THE TASK: Reproduce the entries that follow exactly. No picture should appear in the result.

DATA RECORDS below:

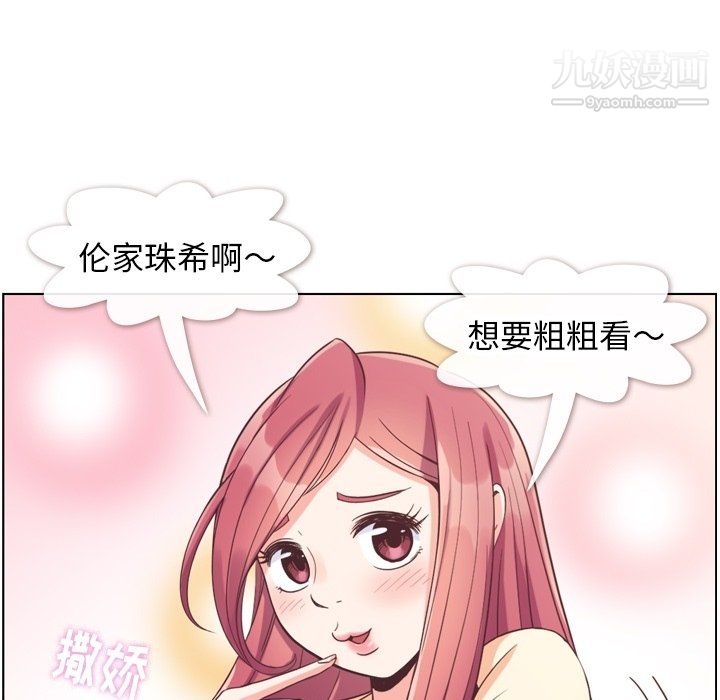 郑主任为何这样第82话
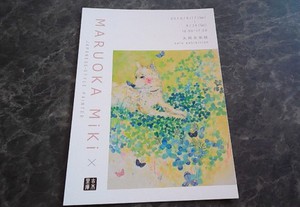 日本画家さん来店で、質問攻め～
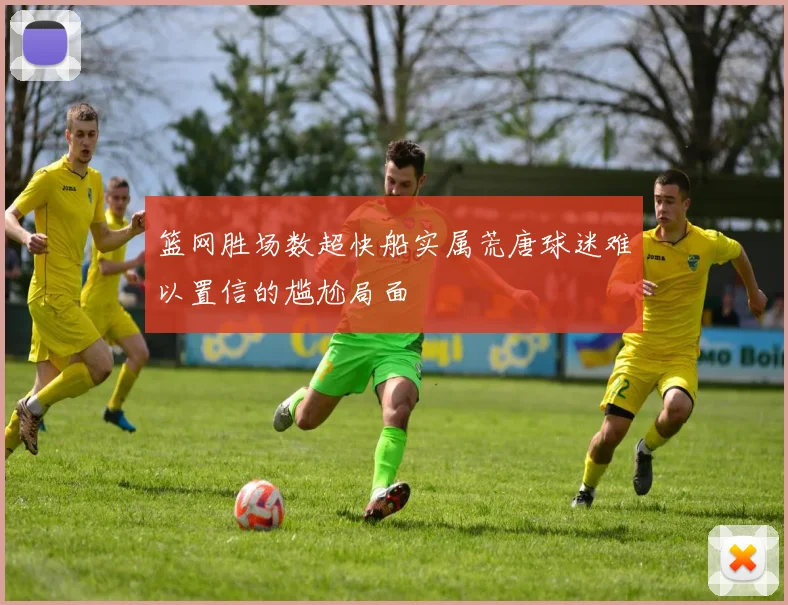 篮网胜场数超快船实属荒唐球迷难以置信的尴尬局面
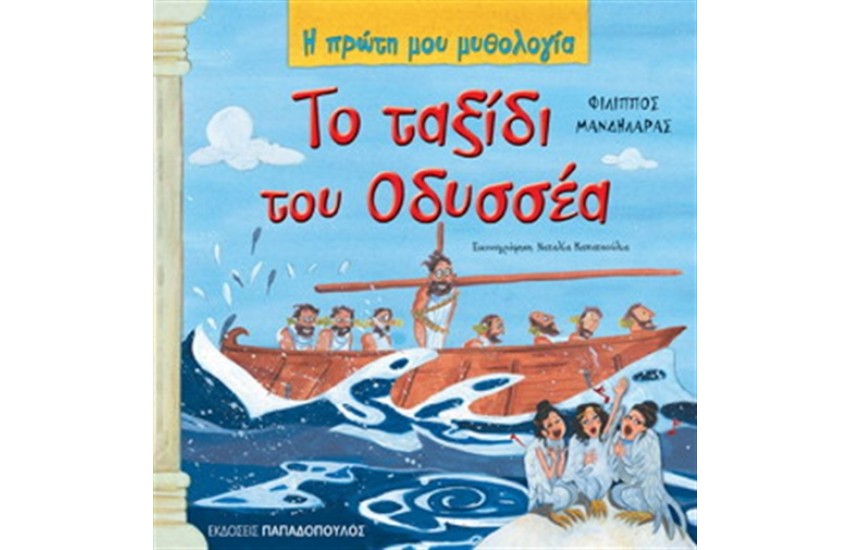 ΤΟ ΤΑΞΙΔΙ ΤΟΥ ΟΔΥΣΣΕΑ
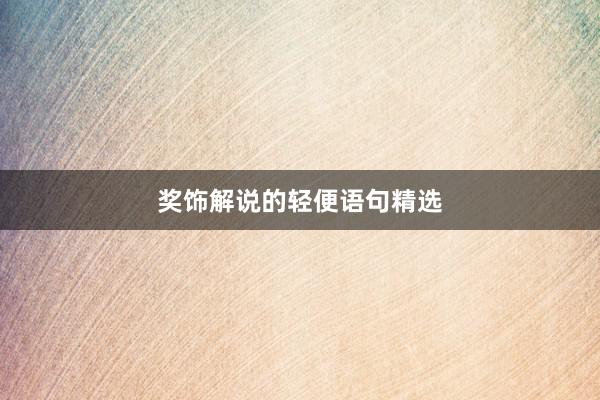 奖饰解说的轻便语句精选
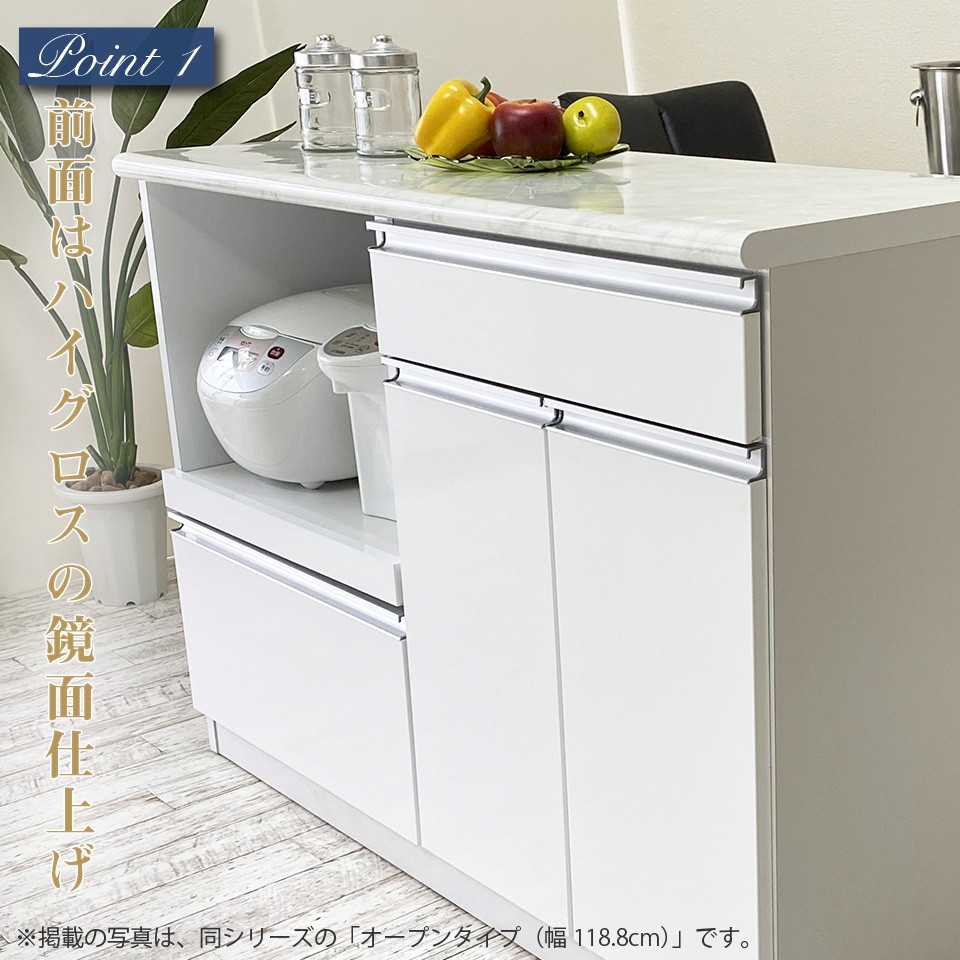ホワイト キッチンカウンター 引き出し式 キッチンカウンター 引出しタイプ 120カウンター ホワイト 幅118.8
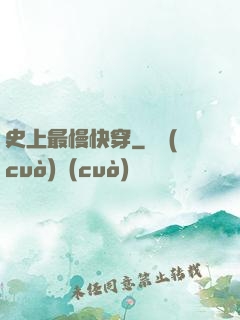 史上最慢快穿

End of DATA RECORDS.

WRITTEN REPLY:
 郑主任为何这样第82话
 日本画家さん来店で、質問攻め～
 篮网胜场数超快船实属荒唐球迷难以置信的尴尬局面
 ΤΟ ΤΑΞΙΔΙ ΤΟΥ ΟΔΥΣΣΕΑ
 奖饰解说的轻便语句精选
ホワイト キッチンカウンター 引き出し式 キッチンカウンター 引出しタイプ 120カウンター ホワイト 幅118.8
 史上最慢快穿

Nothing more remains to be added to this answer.